La Ruleta Rusa mata, una idea a considerar en la jugada de Trump con el Kremlin. Negociar con Putin, fascista a todo dar, será tan truculento como le fue a Chamberlain con Hitler.

Trump y Putin se entienden como aves de la misma pluma, hablan el mismo idioma y quieren lo mismo respecto a China y el Medio Oriente… esto último cree Trump.

Parece hacer caso omiso a la bala en su ruleta con Putin, la que debe creer que ganará por ser su destino manifiesto, ganar, el Trump manifest destiny como campeón del poder mundial en el más excelso de los reality shows, pero Putin tiene más experiencia que él en ruleta rusa… en la realidad de ella y no en shows como Trump, ya la jugó en Crimea y Ucrania y ahora la juega en los países Bálticos, Letonia, Lituania y Estonia. ¿Trump? Es petaca chica frente a él.

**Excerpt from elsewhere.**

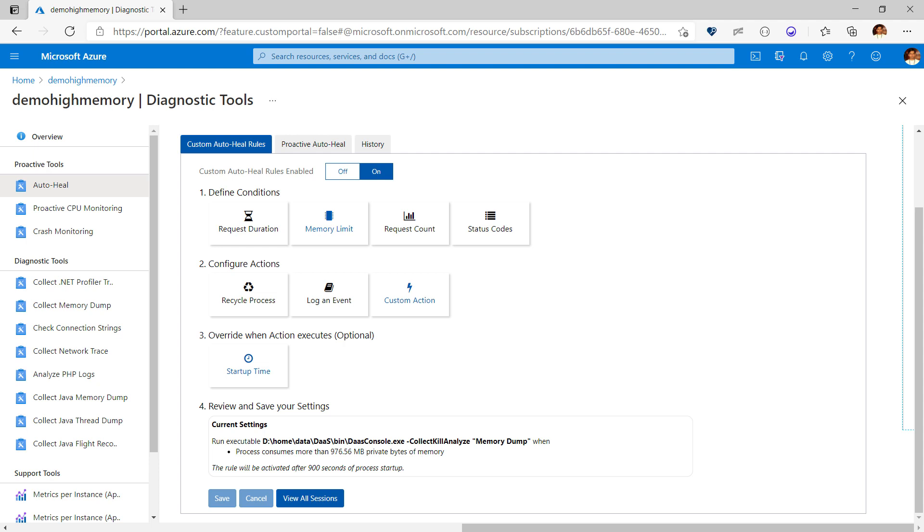So we hope you found this video useful and you learned something new that will help you debug memory issues in your production apps easily. Please like this video, tweet it, share it with your friends and subscribe to the Microsoft Azure channel on YouTube. Happy debugging!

Los reportes de los jefes de inteligencia del país concluyen que la jerarquía rusa orquestó la interferencia electrónica en nuestras elecciones y que la orden emanó del mismísimo Putin, que festejó el triunfo de su preferido. El presidente electo ve una cacería de brujas en estas afirmaciones.

Quizás crea que los reportes de inteligencia deslegitimizan su elección, como si la interferencia de Moscú le hubiese dado su victoria, algo que nadie alega, una preocupación paradójica en la mente del deslegitimizador en jefe de Obama, pero ahora que el zapato aprieta sus pies…

Su negativa a aceptar las conclusiones de los jefes de inteligencia lo coloca en el campo de Moscú contra sus agencias y distintos comités en el senado y la cámara baja.

Puede ser que Trump vea en Putin a un socio potencial pero llegar a eso, ‘asociarse’ con él, requeriría darle libertad de acción en su esfera de influencia, la ex Europa Oriental soviética, una traición a la OTAN.

La apertura rusa de Trump también puede verse como un instrumento para neutralizar el devastador efecto de la apertura china de Kissinger en la economía americana, pero esto no explica que se ponga como antagonista de instituciones de nuestro gobierno.

Esperemos la polarización a fasces, eso viene. Quizás Trump se sienta cómodo con ella en el país pero en la ruleta rusa sería mejor tener a Putin como antagonista claro que amigo soslayado porque del agua mansa líbreme Dios que de la brava me libro yo. El suyo es un juego peligroso.

Periodista, escritor y filósofo peruano.